Let $H\doteqdot\{z\in\mathbb{C}\colon \operatorname{Re}z>0\}$ denotes the half plane and $f\colon H\rightarrow\mathbb{C}$ be a holomorphic function, with the property that $$f(n)=0\qquad\forall n\in\mathbb{N}\,.$$
It is then clear that the function $$\frac{f(z)}{\sin(\pi z)}\qquad z\in H$$ is also a holomorphic function, taking into account that this function has removable singularity at the points which the denominator vanishes, which are precisely the zeros of $f$. It is then true, by an elementary Theorem that concerns subharmonic functions, that $$u(z)\doteqdot\log\left|\frac{f(z)}{\sin(\pi z)}\right|$$ is a subharmonic function defined on the half plane.

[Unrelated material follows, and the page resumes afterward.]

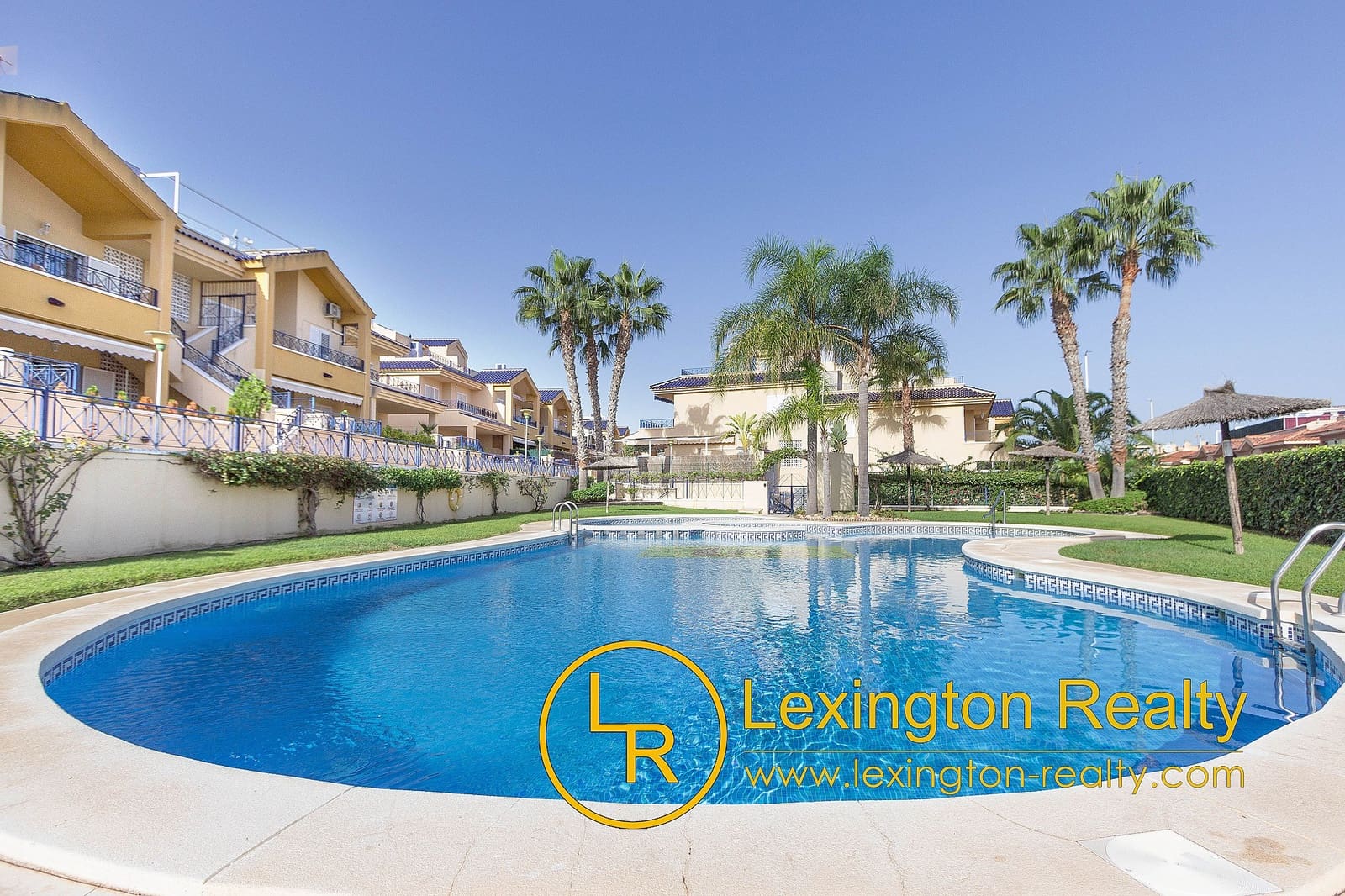 2 soverom Leilighet til salgs i Gran Alacant med svømmebasseng - € 229 000 (Ref: 9510190)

Assume now that $f$ has is of an exponential type $\gamma<\pi$, meaning that for some constant $C>0$, $$|f(z)|\leq C\cdot e^{\gamma|z|}\qquad\forall z\in H.$$ If $u$ is given by $$u(z)\doteqdot\log\left|\frac{f(z)}{2C\sin(\pi z)}\right|$$ then of course this function is still subharmonic, by the reasoning stated above.
We want to prove the following two inequalities.
- $u(z)\leq A+B|z|,$ where $A,B$ are constants (not necessarily positive).
- $\limsup_{z\to\zeta}u(z)\leq -(\pi-\gamma)|\zeta|$, where $\zeta\in\{z\in\mathbb{C}\colon \operatorname{Re}\zeta=0\}$, in particular $\zeta$ lies on the boundary of $H$ and it is not $\{\infty\}$.
Both inequalities are not clear why they hold. This is exercise 2.3.6 of Ransford Potential Theory of the Complex Plane, so they should be true. My main problem lies to proving an upper bound for the sin function in (i) and I expect similar reasoning will also yield the second inequality.
Appreciate any help or comments in this exercise.